ISSN 1016-5169 | E-ISSN 1308-4488
pdf
Koroner arter baypas cerrahisi sonrası gelişen atriyum fibrilasyonu patogenezinde iskemi reperfüzyon hasarı sonucu oluşan oksidatif stresin rolü [Turk Kardiyol Dern Ars]
Turk Kardiyol Dern Ars. 2014; 42(5): 419-425 | DOI: 10.5543/tkda.2014.84032

Koroner arter baypas cerrahisi sonrası gelişen atriyum fibrilasyonu patogenezinde iskemi reperfüzyon hasarı sonucu oluşan oksidatif stresin rolü

Veysel Oktay1, Onur Baydar1, Umit Yasar Sinan1, Cuneyt Kocas1, Okay Abaci1, Ahmet Yildiz1, Zerrin Yigit1, Cenk Eray Yildiz2, Alican Hatemi2, Gurkan Cetin2, Aysem Kaya3
1İstanbul Üniversitesi, Kardiyoloji Enstitüsü, Kardiyoloji Anabilimdalı
2İstanbul Üniversitesi, Kardiyoloji Enstitüsü, Kalp Damar Cerrahisi Anabilimdalı
3İstanbul Ünıversitesi, Kardiyoloji Enstitüsü, Biyokimya Bölümü

AMAÇ
Çalışmamızda koroner arter bapas cerrahisi (KABC) sonrası gelişen atriyum fibrilasyonu (AF) patogenezinde iskemi reperfüzyon hasarıyla (İRH) ilişkili oksidatif stresin rolünü araştırdık.

ÇALIŞMA PLANI
Çalışmaya elektif koşullarda pompa kullanılarak ve tek başına KABC uygulanan 118 hasta dahil edildi.
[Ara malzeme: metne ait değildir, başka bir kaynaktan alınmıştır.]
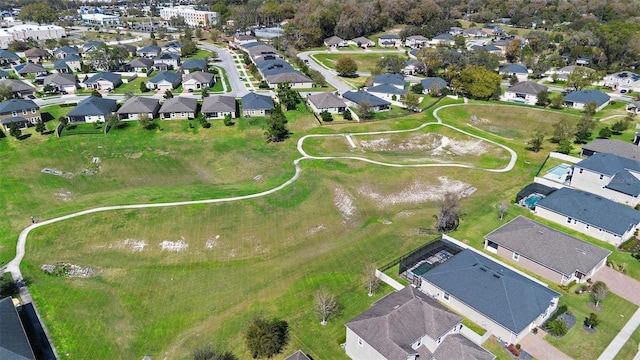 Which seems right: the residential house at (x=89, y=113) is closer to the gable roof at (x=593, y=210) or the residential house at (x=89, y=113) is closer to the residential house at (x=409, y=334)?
the residential house at (x=409, y=334)

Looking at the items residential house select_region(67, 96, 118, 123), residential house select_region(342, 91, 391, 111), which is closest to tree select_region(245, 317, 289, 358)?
residential house select_region(342, 91, 391, 111)

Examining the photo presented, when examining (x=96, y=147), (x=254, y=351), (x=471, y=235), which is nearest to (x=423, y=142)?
(x=471, y=235)

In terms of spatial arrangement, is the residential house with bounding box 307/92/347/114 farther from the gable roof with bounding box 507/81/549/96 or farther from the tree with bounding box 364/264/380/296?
the tree with bounding box 364/264/380/296

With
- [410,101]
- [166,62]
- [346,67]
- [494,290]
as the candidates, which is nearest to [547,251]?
[494,290]

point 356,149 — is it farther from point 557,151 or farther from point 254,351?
point 254,351

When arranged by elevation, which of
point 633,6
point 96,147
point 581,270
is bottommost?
point 96,147

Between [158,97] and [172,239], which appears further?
[158,97]

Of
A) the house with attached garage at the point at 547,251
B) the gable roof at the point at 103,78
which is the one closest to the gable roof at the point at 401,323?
the house with attached garage at the point at 547,251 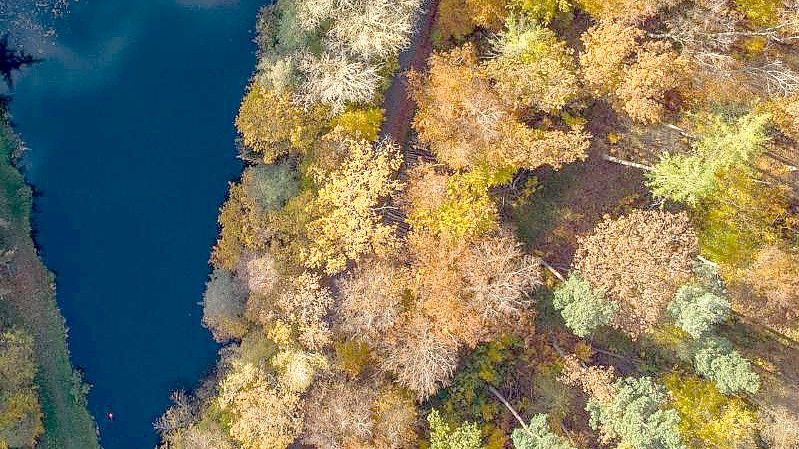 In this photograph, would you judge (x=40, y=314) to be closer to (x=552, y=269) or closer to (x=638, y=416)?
(x=552, y=269)

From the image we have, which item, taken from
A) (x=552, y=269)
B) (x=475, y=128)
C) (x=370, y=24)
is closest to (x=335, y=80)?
(x=370, y=24)

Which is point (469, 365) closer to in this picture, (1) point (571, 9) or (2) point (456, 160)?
(2) point (456, 160)

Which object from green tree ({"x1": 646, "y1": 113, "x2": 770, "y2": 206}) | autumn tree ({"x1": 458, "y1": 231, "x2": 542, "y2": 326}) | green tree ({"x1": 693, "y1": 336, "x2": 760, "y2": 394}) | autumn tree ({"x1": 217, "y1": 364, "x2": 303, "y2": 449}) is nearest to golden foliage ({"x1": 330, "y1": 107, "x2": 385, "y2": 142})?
autumn tree ({"x1": 458, "y1": 231, "x2": 542, "y2": 326})

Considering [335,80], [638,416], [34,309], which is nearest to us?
[638,416]

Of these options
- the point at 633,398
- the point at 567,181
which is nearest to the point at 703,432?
the point at 633,398

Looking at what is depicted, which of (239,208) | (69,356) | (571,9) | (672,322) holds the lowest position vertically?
(672,322)

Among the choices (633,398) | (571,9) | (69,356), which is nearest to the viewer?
(633,398)

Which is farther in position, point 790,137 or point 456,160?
point 790,137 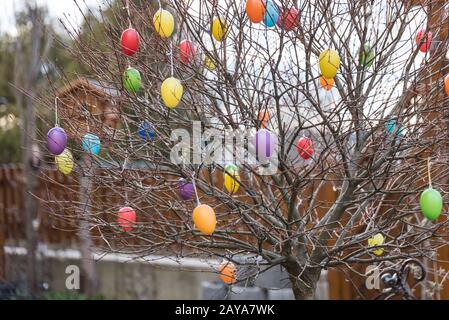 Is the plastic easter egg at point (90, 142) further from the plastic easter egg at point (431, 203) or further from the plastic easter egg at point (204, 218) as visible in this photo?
the plastic easter egg at point (431, 203)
Hastalar ameliyat sonrası atriyum fibrilasyonu (POAF) gelişimine göre iki gruba ayrıldı. (Grup 1: POAF gelişen hastalar, Grup 2: Sinüs ritminde kalan hastalar). Her iki grup ameliyat öncesi, ameliyat sırasında ve ameliyat sonrasındaki klinik özellikler ile aort kros klemp (AKK) yerleştirilmesi ve uzaklaştırılması sonrası plazma toplam oksidatif durum (TOD) değerleri açısından karşılaştırıldı. POAF öngördürücüleri çok değişkenli lojistik regresyon analiziyle belirlendi.

BULGULAR
Her iki grup arasında ameliyat öncesi, sonrası ve ameliyat sırasındaki klinik özellikler açısından yapılan karşılaştırmada grup 1’deki hastaların grup 2’deki hastalara oranla daha ileri yaşta olduğu (65.6±7.20 ve 59.6±9.07, p<0.001), hematokrit seviyelerinin daha düşük olduğu (37.5±5.16 ve 39.7±5.28, p=0.034) ve sol atriyum çaplarının daha geniş olduğu görüldü (39±0.45 ve 3.6±0.48; p=0.006). Grup 1’de yer alan hastaların AKK yerleştirilmesi ve uzaklaştırılması sonrası bakılan plazma TOD değerlerindeki değişimin istatistiksel olarak anlamlı olduğu saptandı [13 (8.6-23), 30 (18.1-47.3), p=0.001 ve 14 (8.8-22.2), 24 (21.4-42.7); p=0.060]. Yoğun bakım ünitesi [3 (2-14) ve 2 (1-58); p=0.001] ve hastanede kalış süresinin [7 (6-85) ve 7 (5-58); p=0.001] Grup 1’deki hastalarda daha uzun olduğu belirlendi. Çok değişkenli lojistik regresyon analizinde yaş (odds oranı [OO]: 1.088, %95 güven aralığı (GA) 1.005- 1.177, p=0.036), hematokrit seviyesi (OO: 0.718, %95 GA 0.538-0.958, p=0.025), pompa derecesi (OO: 1.445, %95 GA 1.059-1.972 p=0.020) ve plazma TOD değerinin (OO: 1.040, %95 GA 1.020-1.050, p=0.040) POAF gelişimi için bağımsız bir belirteç olduğu tespit edildi.

SONUÇ
Aort kros klemp ile ilişkili iskemi reperfüzyon hasarı POAF gelişiminde önemli bir faktör olabilir. POAF’nin önlenmesinde ameliyat sırasında oluşan oksidatif stresin azaltılması hedeflenmelidir.

Anahtar Kelimeler: Atriyum fibrilasyonu/etiyoloji/korunma ve kontrol, koroner arter baypas; koroner arter hastalığı/cerrahi; oksidatif stres.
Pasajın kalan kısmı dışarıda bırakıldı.